● **Dataset excerpt**
-- Opening Marker --
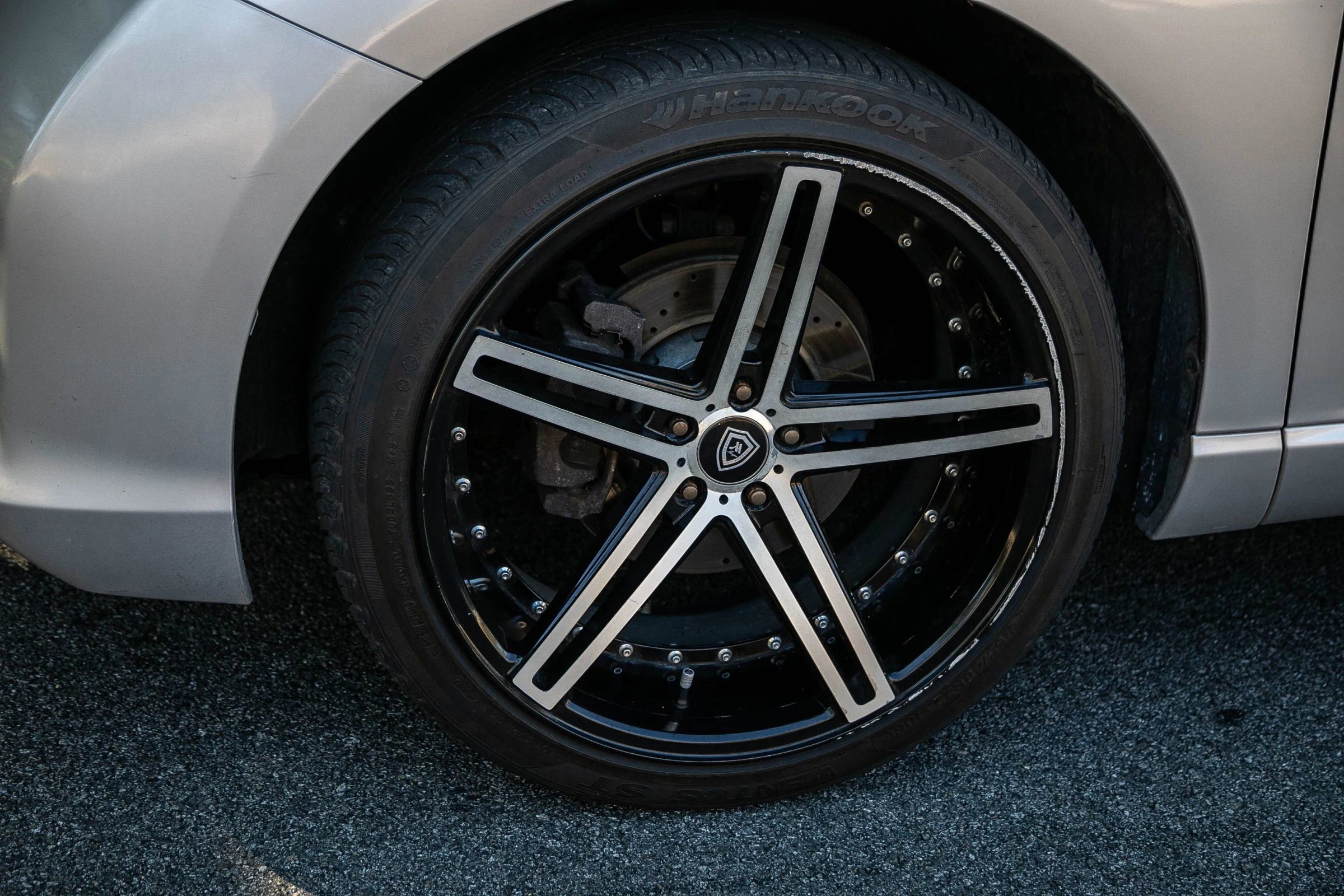 Used 2011 Toyota Venza Wagon 4D w/ Premium Pkg #2 image 8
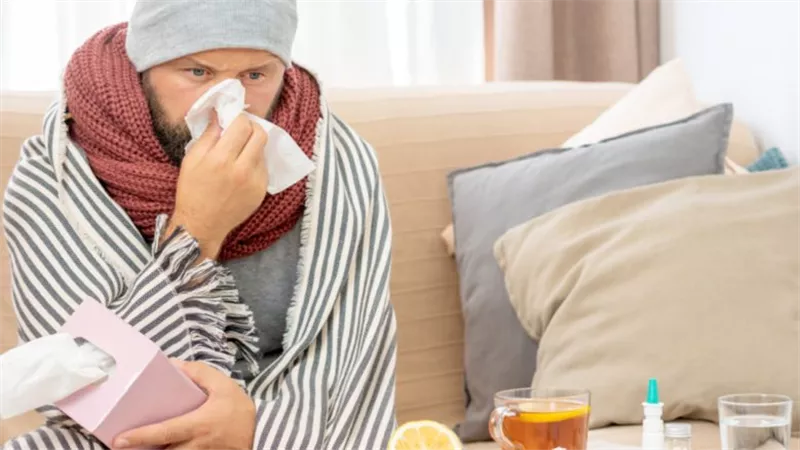 أدوية الوقاية من البرد للأشخاص البالغين فقط.. أبرزها كومتريكس وكونجيستال
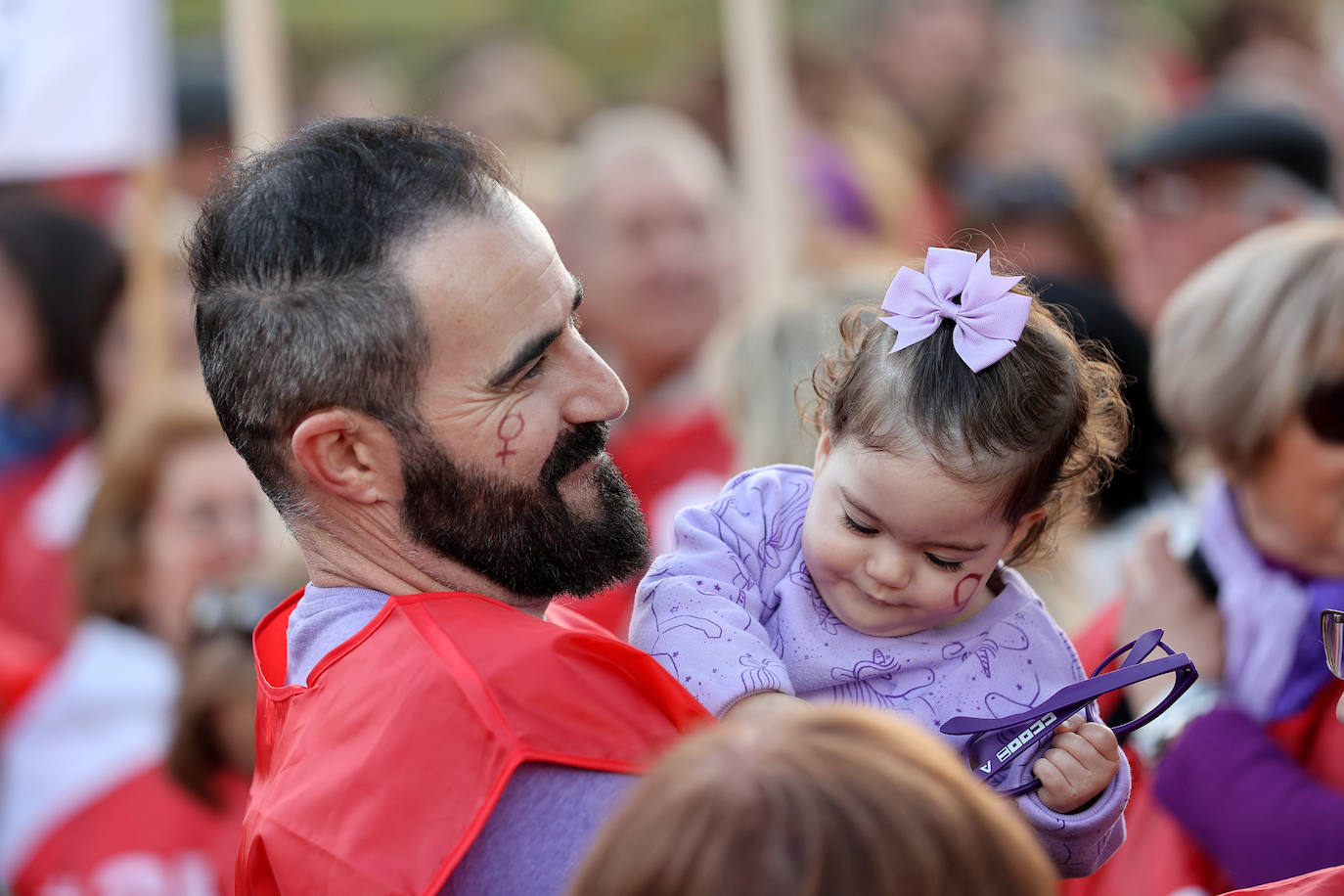 Fotos: la concurrida manifestación contra la violencia machista en Córdoba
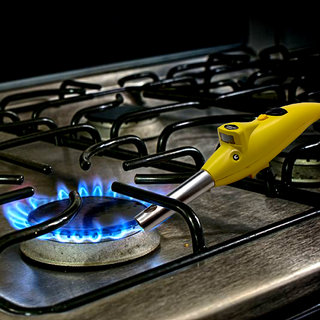 Gas stove with inbuilt lighter clearance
-- Closing Marker --
● **Work required**
Could you print the data exactly as it appears and keep the pictures out?

● **Response box**
 Used 2011 Toyota Venza Wagon 4D w/ Premium Pkg #2 image 8
 أدوية الوقاية من البرد للأشخاص البالغين فقط.. أبرزها كومتريكس وكونجيستال
 Fotos: la concurrida manifestación contra la violencia machista en Córdoba
 Gas stove with inbuilt lighter clearance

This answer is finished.